# Havergal Brian's Gothic Symphony at the Proms



## Fsharpmajor (Dec 14, 2008)

Last night it had its first full performance in the UK since 1980. It's already in Wkipedia:

*The work was performed at the Proms on 17 July 2011 under Martyn Brabbins, with Susan Gritton soprano, Christine Rice mezzo-soprano, Peter Auty tenor, Alastair Miles bass, City of Birmingham Symphony Orchestra Youth Chorus, Eltham College Boys' Choir, Southend Boys' and Girls' Choirs, Bach Choir, BBC National Chorus of Wales, Brighton Festival Chorus, Côr Caerdydd, Huddersfield Choral Society, London Symphony Chorus, BBC Concert Orchestra and the BBC National Orchestra of Wales. The performance sold out on the first day of ticket sales. It was enthusiastically received by the audience, with noisy applause (even by Proms standards) lasting several minutes.*

Reviewed in the Telegraph:

*http://www.telegraph.co.uk/culture/...rians-Gothic-Symphony-Albert-Hall-review.html*


----------



## Tapkaara (Apr 18, 2006)

Fsharpmajor said:


> Last night it had its first full performance in the UK since 1980. It's already in Wkipedia:
> 
> *The work was performed at the Proms on 17 July 2011 under Martyn Brabbins, with Susan Gritton soprano, Christine Rice mezzo-soprano, Peter Auty tenor, Alastair Miles bass, City of Birmingham Symphony Orchestra Youth Chorus, Eltham College Boys' Choir, Southend Boys' and Girls' Choirs, Bach Choir, BBC National Chorus of Wales, Brighton Festival Chorus, Côr Caerdydd, Huddersfield Choral Society, London Symphony Chorus, BBC Concert Orchestra and the BBC National Orchestra of Wales. The performance sold out on the first day of ticket sales. It was enthusiastically received by the audience, with noisy applause (even by Proms standards) lasting several minutes.*
> 
> ...


Wow, I wonder if this was recorded...?


----------



## Delicious Manager (Jul 16, 2008)

Tapkaara said:


> Wow, I wonder if this was recorded...?


I have just listened to the performance streamed on the internet (available for another 6days on http://www.bbc.co.uk/iplayer/console/b012lkly) and thought it was magnificent (whatever the debated shortcomings of the piece). The broadcast was recorded in audio only and the Havergal Brian Society is trying to reach a licencing agreement with the BBC to issue it on CD.

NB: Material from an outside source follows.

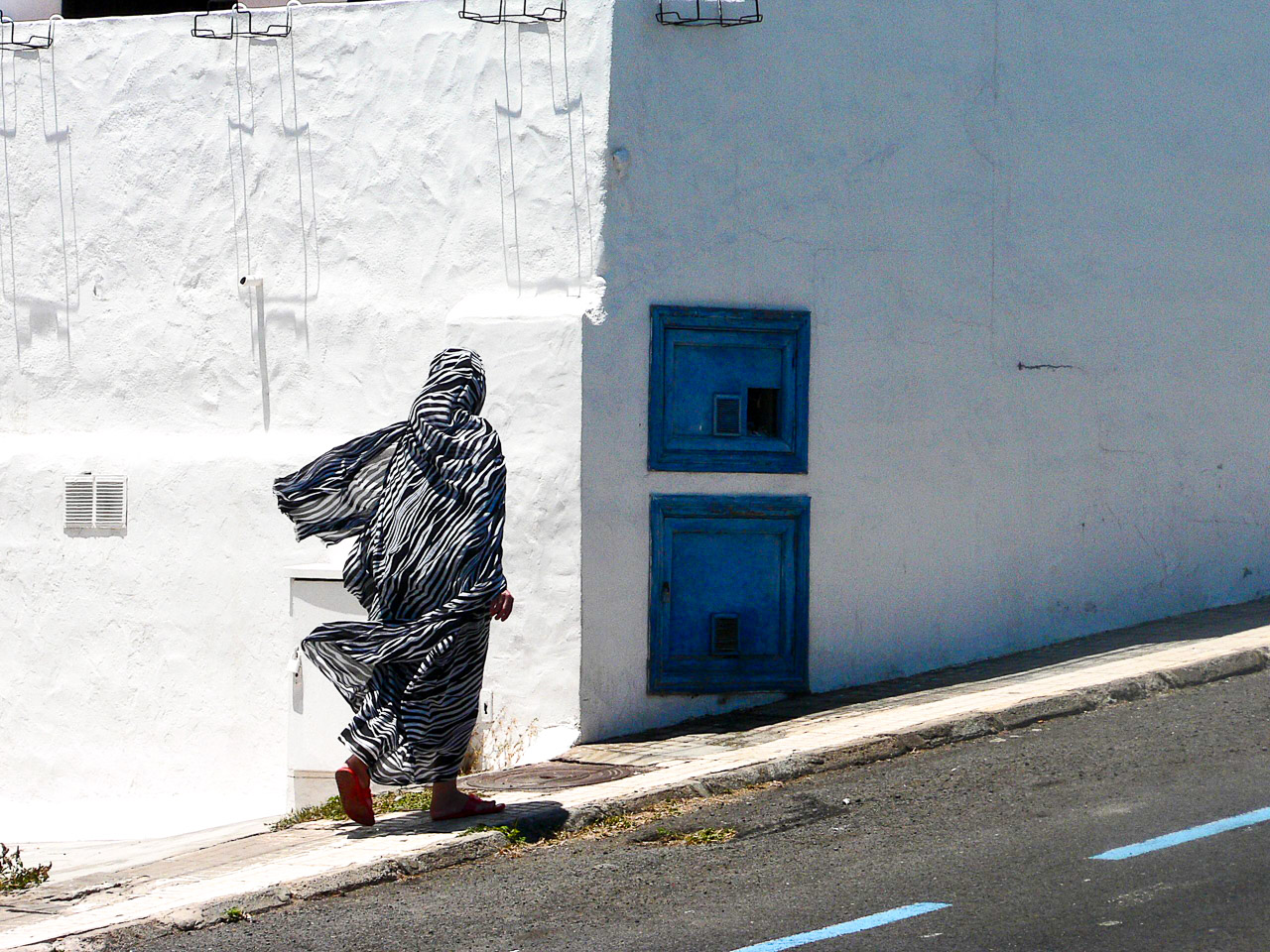 A woman walks up a hill in Lanzarote. She's cover head to ankles in flowing cloth with black and white stripes. A white washed house is behind and she's about to walk from the glare of the sun into the shadow of the house.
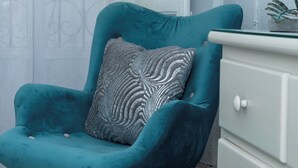 Un sillón azul aguamarina con patas de madera y un cojín estampado, ubicado junto a un aparador blanco con cajones.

However (and this is almost unbelievable), as important an event as this was publicised to be, the BBC decided neither to televise the concert (even though they have committed to televise 2 concert per week during the festival; this wasn't one of them!) nor video record it for future broadcast or issue on DVD/Blu-ray. What **** made THAT decision?


----------



## Tapkaara (Apr 18, 2006)

Delicious Manager said:


> I have just listened to the performance streamed on the internet (available for another 6days on http://www.bbc.co.uk/iplayer/console/b012lkly) and thought it was magnificent (whatever the debated shortcomings of the piece). The broadcast was recorded in audio only and the Havergal Brian Society is trying to reach a licencing agreement with the BBC to issue it on CD.
> 
> However (and this is almost unbelievable), as important an event as this was publicised to be, the BBC decided neither to televise the concert (even though they have committed to televise 2 concert per week during the festival; this wasn't one of them!) nor video record it for future broadcast or issue on DVD/Blu-ray. What **** made THAT decision?


I'd imagine any live performance of this MASSIVE piece SHOULD be filmed! After all, I am sure seeing it is as much a part of the experience as hearing it. Considering it quickly sold out should have been a big enough inidcator that this is a performance a lot of people would want to see.

I do not understand that at all.

I will check out the link you provided. Thanks!


----------



## Jules141 (Nov 20, 2009)

I was there! Leaning on the gallery just to the left of centre. Amazing concert on so many levels. Love this work. Had huge smile on my face through some moments.


----------